## TASK STATEMENT:
The required output is the line with "Highway 6 near Little Current" plus all lines that follow it to the end of the listing below, written out exactly, with no pictures.

## COLLECTED DATA:

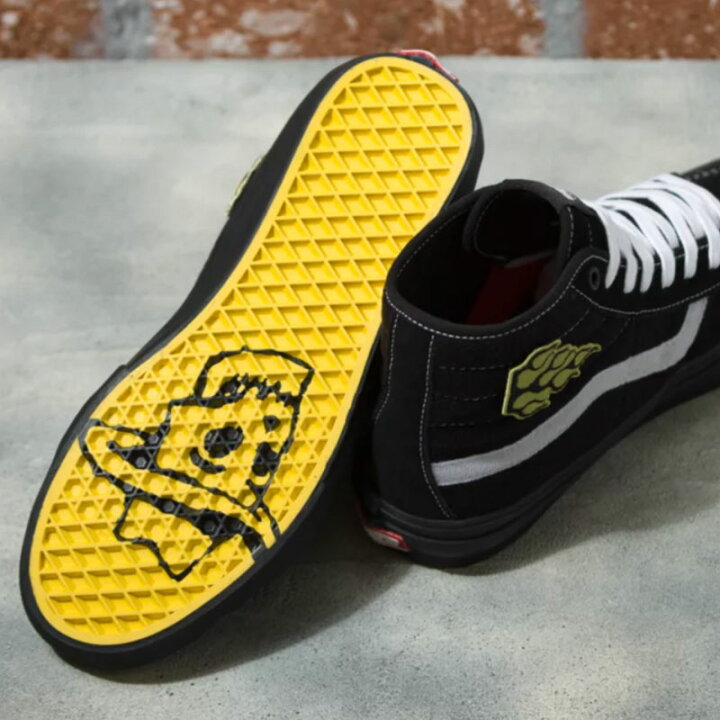 楽天市場】【VANS】バンズ【Skate Sk8-Hi Decon ELIJAH BERLE  display picture 3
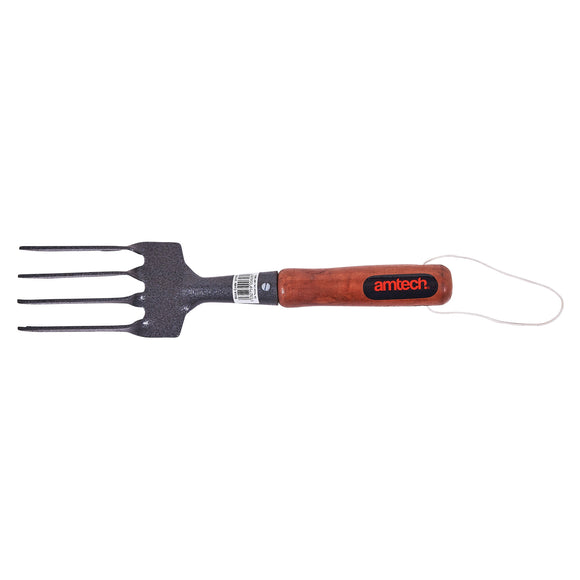 HAND FORK - WOODEN HANDLE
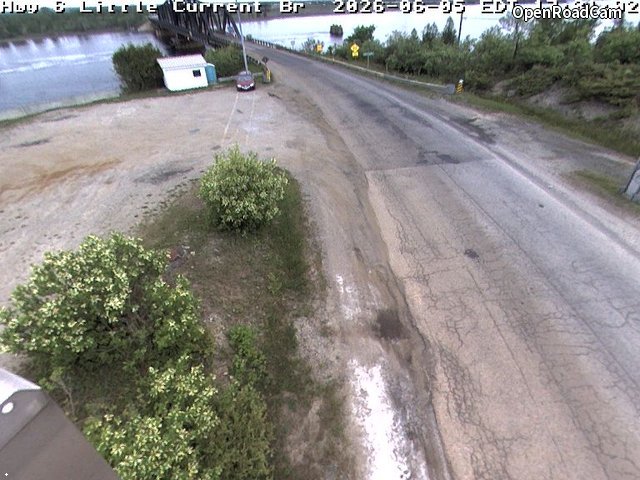 Highway 6 near Little Current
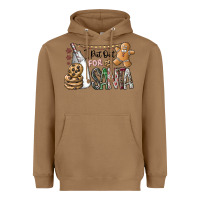 I Put Out For Santa Heavyweight Hoodie | Teevron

## REPLY:
 Highway 6 near Little Current
 I Put Out For Santa Heavyweight Hoodie | Teevron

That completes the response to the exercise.